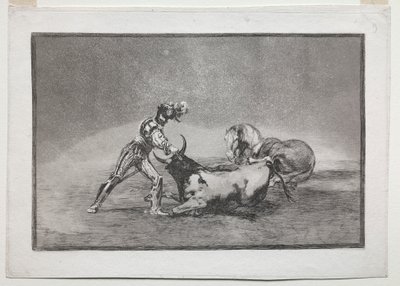 La Tauromaquia: Um cavaleiro espanhol mata o touro depois de ter perdido seu cavalo de Francisco de Goya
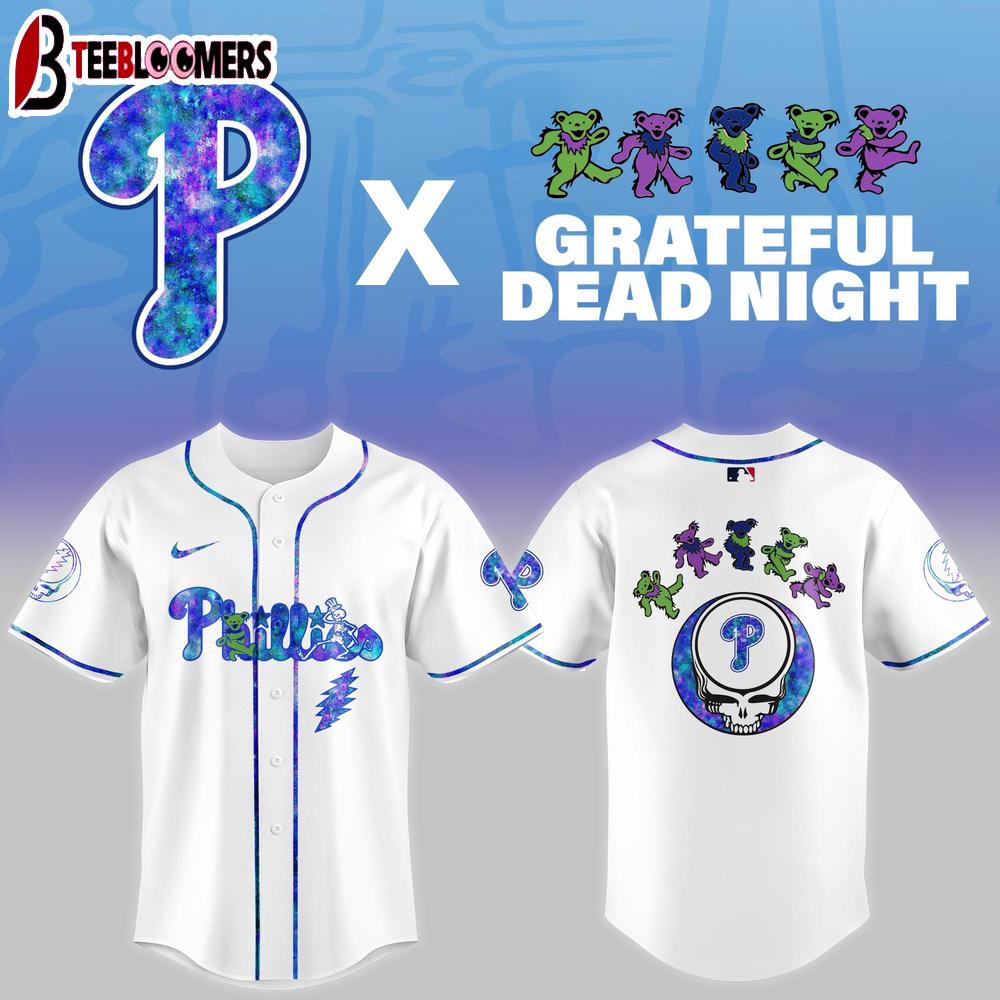 Philadelphia Phillies MLB x Grateful Dead Night Baseball Jersey Shirt
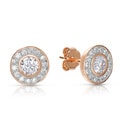 Collette Z Sterling Silver Clear Cubic Zirconia Round Stud Earrings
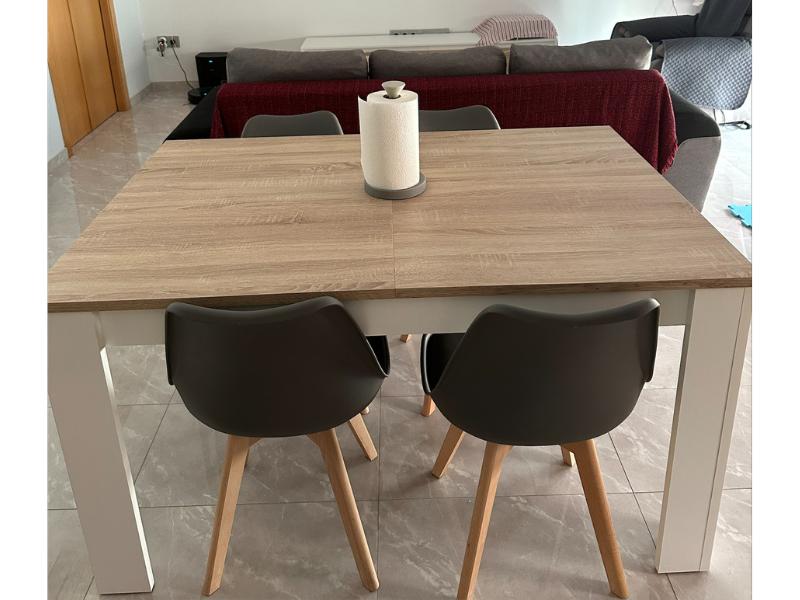 Foto de cliente de Mesa De Comedor Kendra Extensible Color Blanco Artik Y Roble Canadian 140-190x90 cm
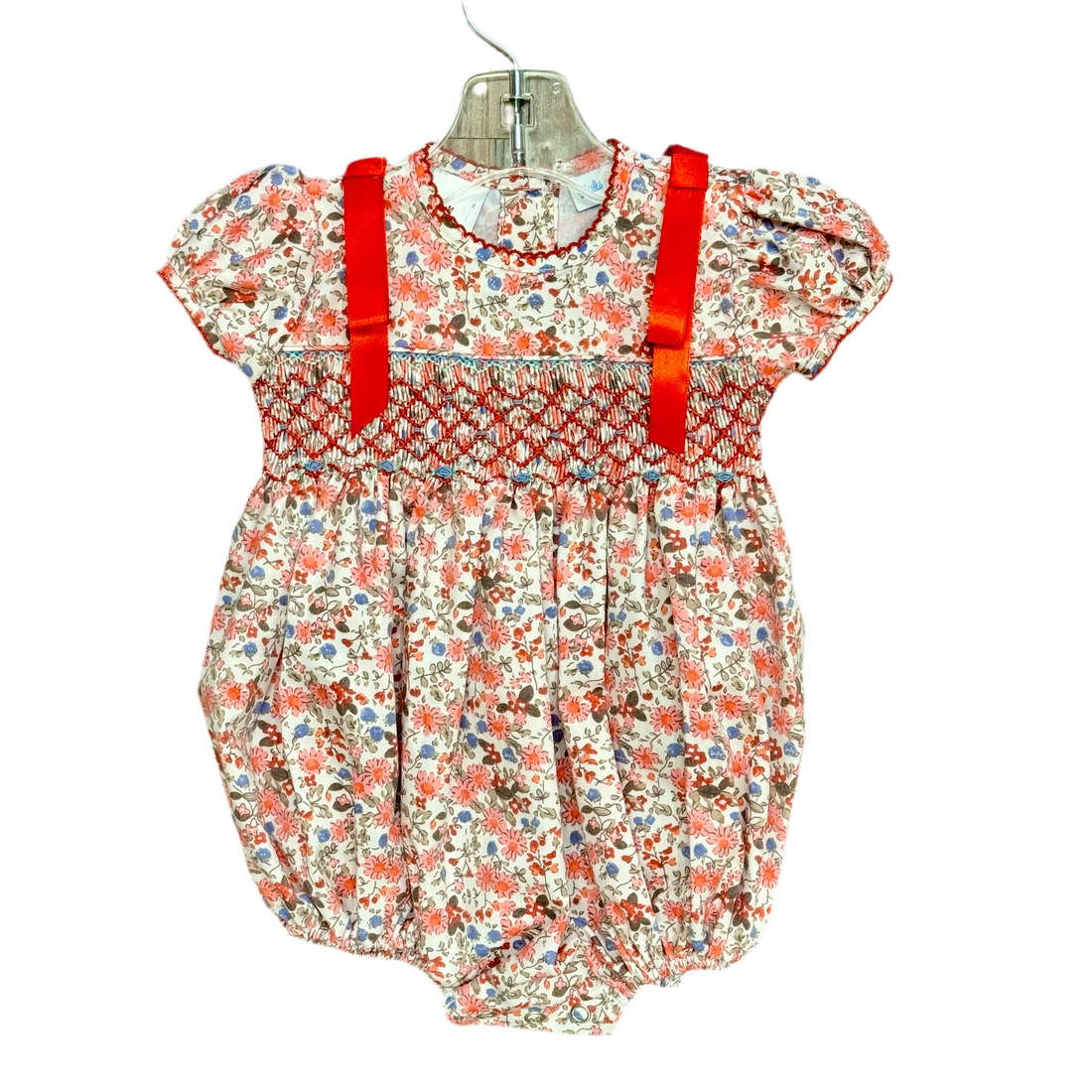 Holiday Floral Smocked Rosie Bubble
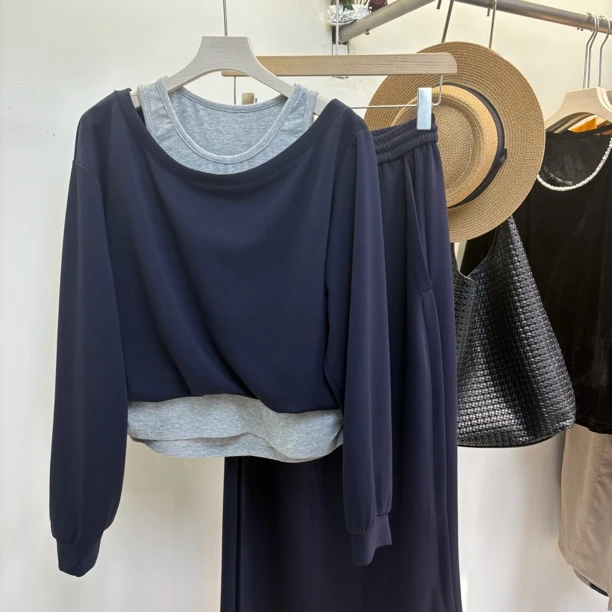 长袖卫衣常规款显瘦千金风套头时尚休闲套裙9815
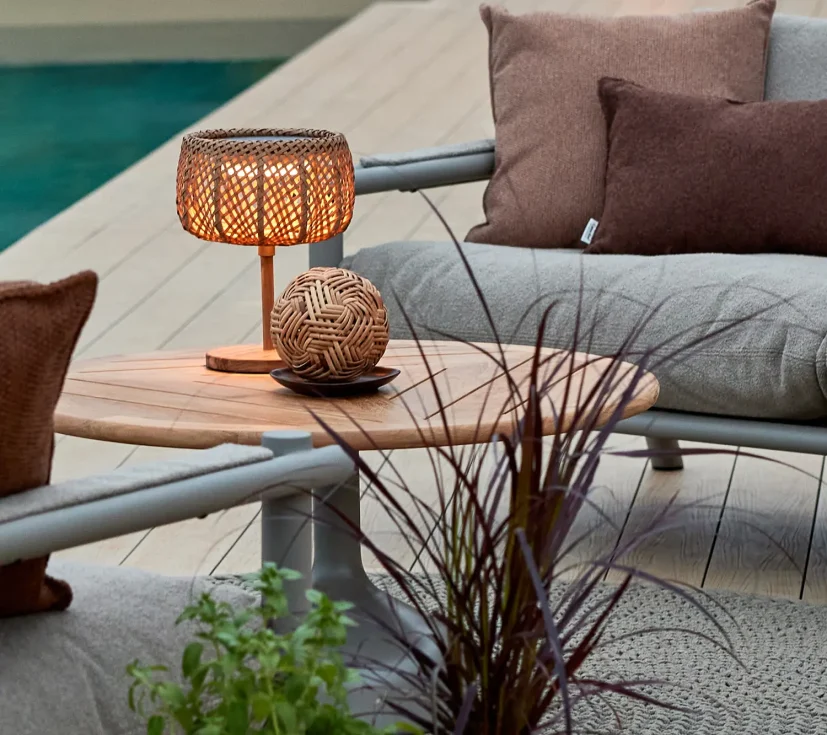 Glaze soffbord Olivgrön/Teak Ø80 cm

• • • •

§ Problem to solve
Give back, word for word, the lines from the one with "Holiday Floral Smocked Rosie Bubble" to the end of the records above, and no pictures.

§ Written answer
 Holiday Floral Smocked Rosie Bubble
 长袖卫衣常规款显瘦千金风套头时尚休闲套裙9815
 Glaze soffbord Olivgrön/Teak Ø80 cm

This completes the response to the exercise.